Imagine this scenario: A team is a couple of days away from a release when the last few features finally make it to the server. The testing team digs in and starts finding bugs. Circles of bug discovery, fixes, rebuilds, and retesting is happening hours before the release. Things aren’t looking good.
When things slow down in a release, the initial blame almost always points toward the testers. Unfortunately, this is how it works in many (unhealthy) organizations. Kaizen, the Japanese concept for constant improvement, can help avoid these last minute problems.
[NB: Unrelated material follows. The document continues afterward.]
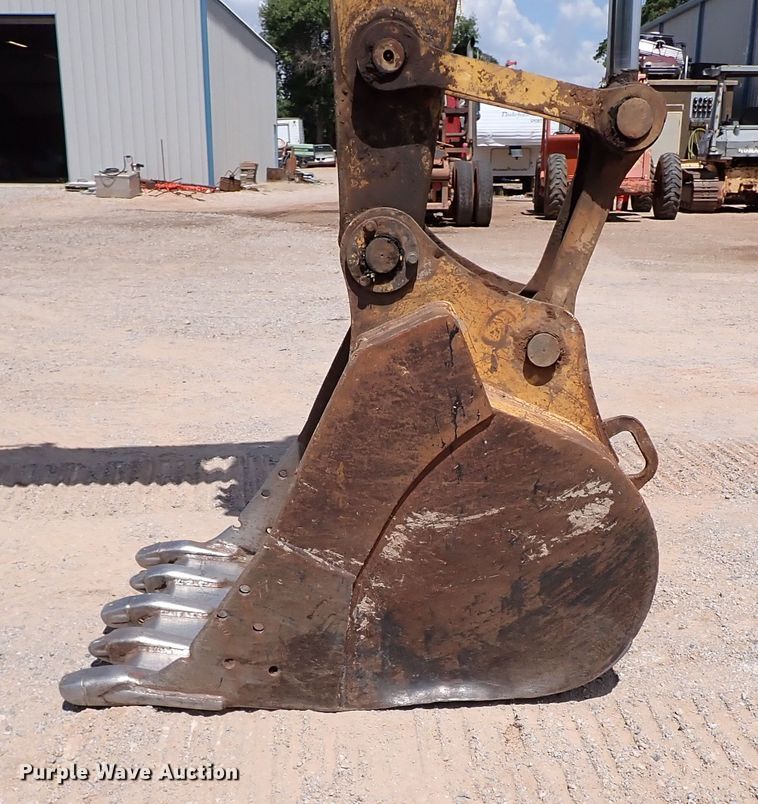 image for item IN9557 2001 John Deere 200LC  excavator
How to Be a More Productive Software Tester
One possible reason for that testing bottleneck is test management systems and how testers and managers use them. Typical usage of these systems look something like this:
Testers spend the first third of a release documenting test ideas
- Each test idea is broken down to a specific set of step, with some assertions along the way
See below example:
Test Idea Example
The above style of documentation doesn’t do a great job of illustrating how testing is performed, and it isn’t very good at helping people find bugs. So how can teams get better documentation that drives productivity? We will talk about two methods — removing unneeded information, and generalizing.For every small variation in data, or change in steps that should be performed, a new test idea is documented. Eventually, the software changes and these steps are no longer relevant, resulting in a lot of wasted work. Maybe the search bar moves to a different page in the software, maybe a new filtering tool is added to the search bar that complicates the test, or maybe that test data is no longer relevant. That test, in theory, should have usable by anyone in the building. But, now it is like a loan collecting interest in the form of time.
Test Documentation Can Slow Down Productivity in Two Ways
Time spent making new documentation that could have been spent testing
- Time spent referencing documentation could have been smaller
Speeding up testers is a matter of hacking out the parts of documentation that are not currently adding value.
At least half of the information in the ‘test idea example’ above is either useless or could be presented in a different format, to shrink the maintenance problem. If someone is testing a web page, they don’t need to be told to open a browser and navigate to that page. If a person needs to know that, then either they shouldn’t be testing software or the teams communication is really bad.
The other obvious part is generalizing. People can and do create test cases for every permutation of data that exists. This is often useful when documenting setup procedures. But for the most part, this high level of detail slows down the team in the future because of the time it takes to create, maintain, and use. Most of that could be easily replaced with a format like this:
Less detailed test idea Example
- Browsers: Chrome, IE9, 10, FireFox
- Date values: past, future, subset in good range
- Date formats: mm/dd/yy, , mm/dd/yyyy, dd/mm/yy, bad formats of your choosing
A tester using this format can take what formerly might have gone into 10 or more individual ‘test cases’ and mold that into one, creating a more information-dense story about how something might be tested. This introduces some much-needed variability into how the software will be tested, and at the same time makes most aspects of the documentation burden faster and more useful.
The question of ‘how will someone know what tests were covered’ is bound to come up next. Here’s the answer. While testing a new date field change, a person might say “tested with date values 3/2/81, 03/02/81, and 3/2/1981 using Internet Explorer 10 and Chrome”. Note taking like this moves past explicit test steps and helps to share the story of how the software was really tested. It also lets future testers know what sort of coverage the feature had in the past, and where it might need to be extended.
There are plenty of factors that affect a testers productivity. Sometimes those are in the test group, sometimes the problems are in documentation and sometimes testing is just the last thing that happens in the release. Being proactive about what is documented and how the team uses management systems can avoid that productivity hit.